▸ Problem statement: From the line containing "Em Cerâmica Jogo" through the last line of the entries, output the text exactly. Pictures stay out.

▸ Study material:
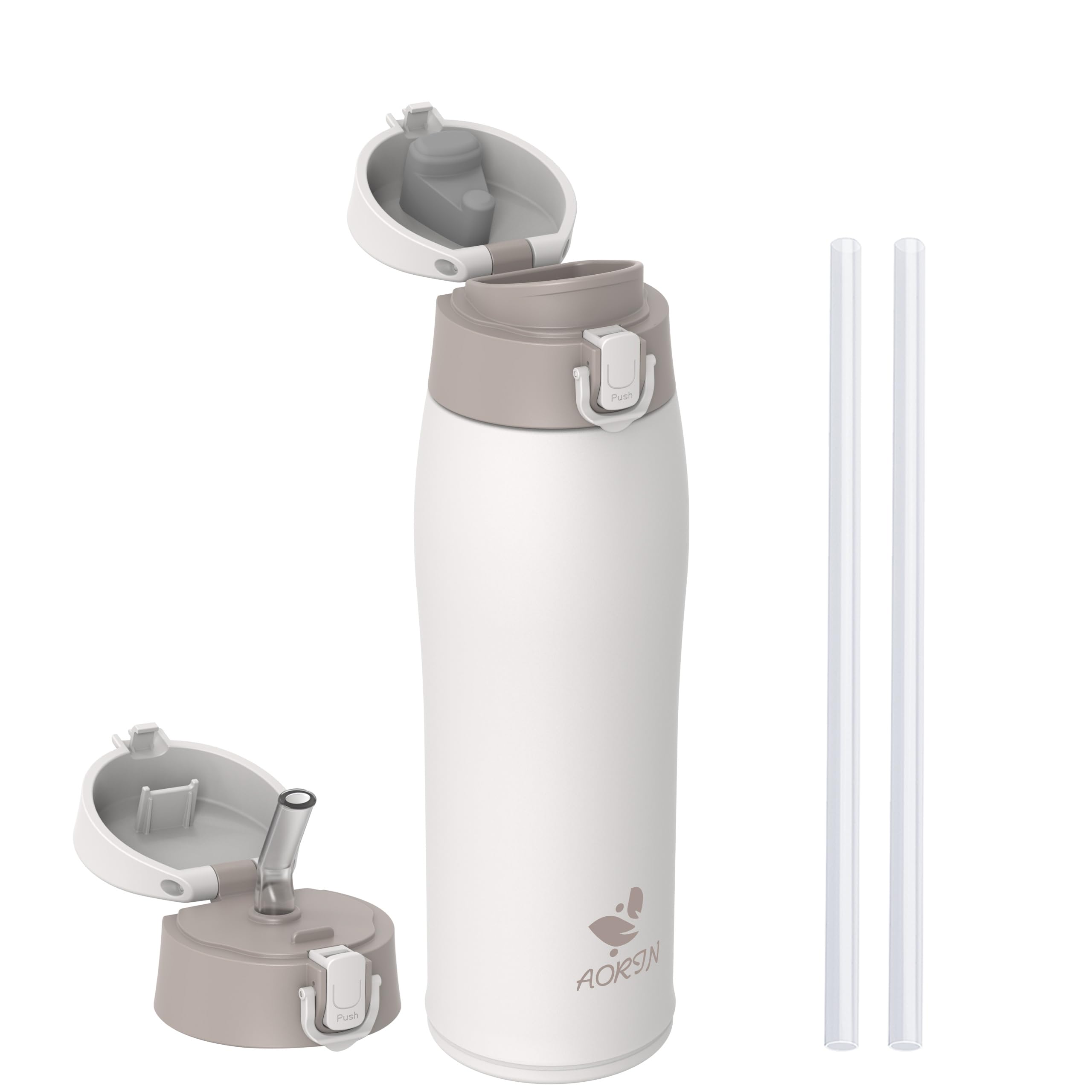 AORIN Trinkflasche Edelstahl 18/8, 750ml, Auslaufsicher Thermoskanne Isolierflasche Doppelwandig mit 2 Deckel, BPA-Frei Sportflasche, Trinkflaschen für Sport, Schule, Outdoor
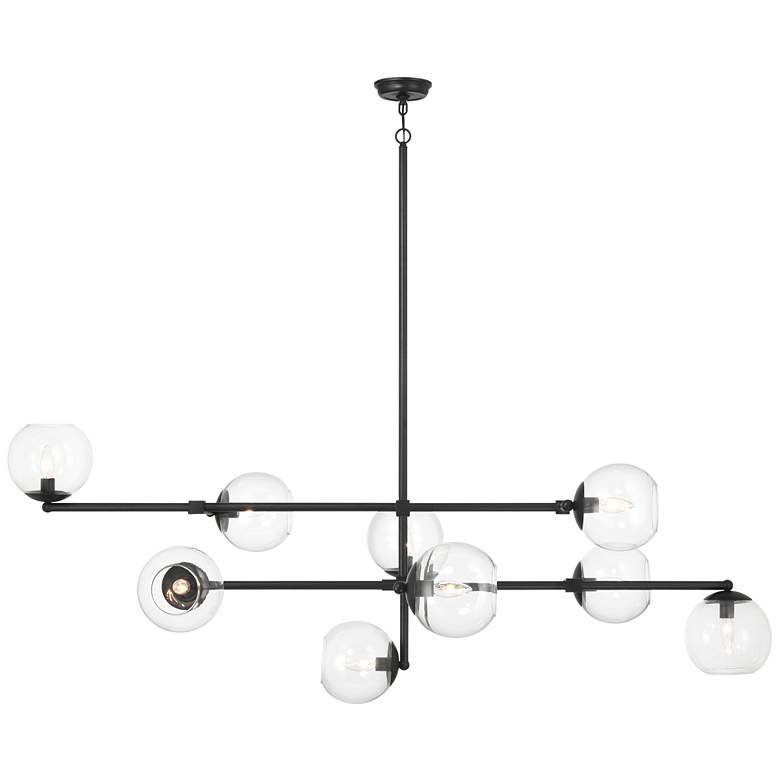 Image 2 Minka Lavery Millikan 9-Light 64-in Black Pendant with Clear Glass Shades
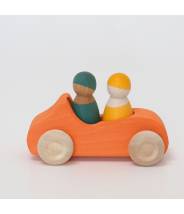 Grande voiture orange en bois et 2 amis (cabriolet) - Grimm's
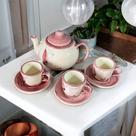 Jogo de Café Bule Com 3 Xícaras e Pires Feitos Em Cerâmica Jogo de Café Bule Com 3 Xícaras e Pires Feitos Em Cerâmica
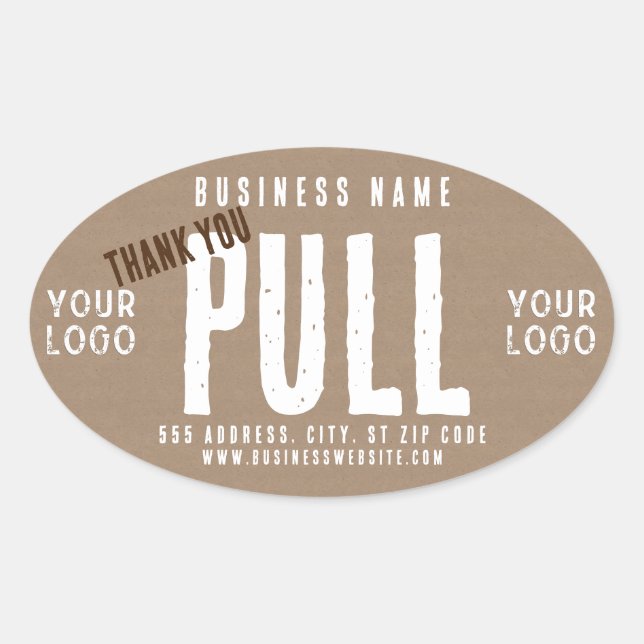 Pull Thank You Rustic Charm Kraft Paper Business  Oval Sticker (Front)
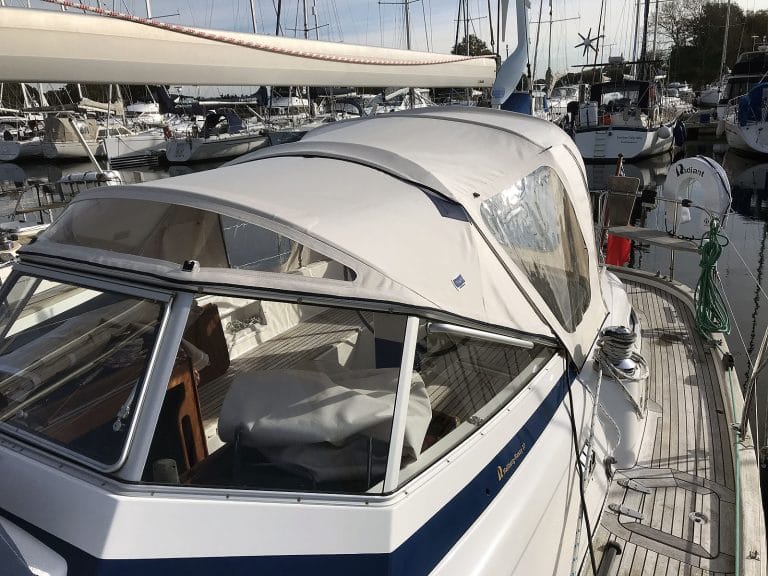 Hallberg Rassy cockpit enclosure by Tecsew, CAD-designed using structured light scanning.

▸ Exercise response:
 Jogo de Café Bule Com 3 Xícaras e Pires Feitos Em Cerâmica Jogo de Café Bule Com 3 Xícaras e Pires Feitos Em Cerâmica
 Pull Thank You Rustic Charm Kraft Paper Business  Oval Sticker (Front)
 Hallberg Rassy cockpit enclosure by Tecsew, CAD-designed using structured light scanning.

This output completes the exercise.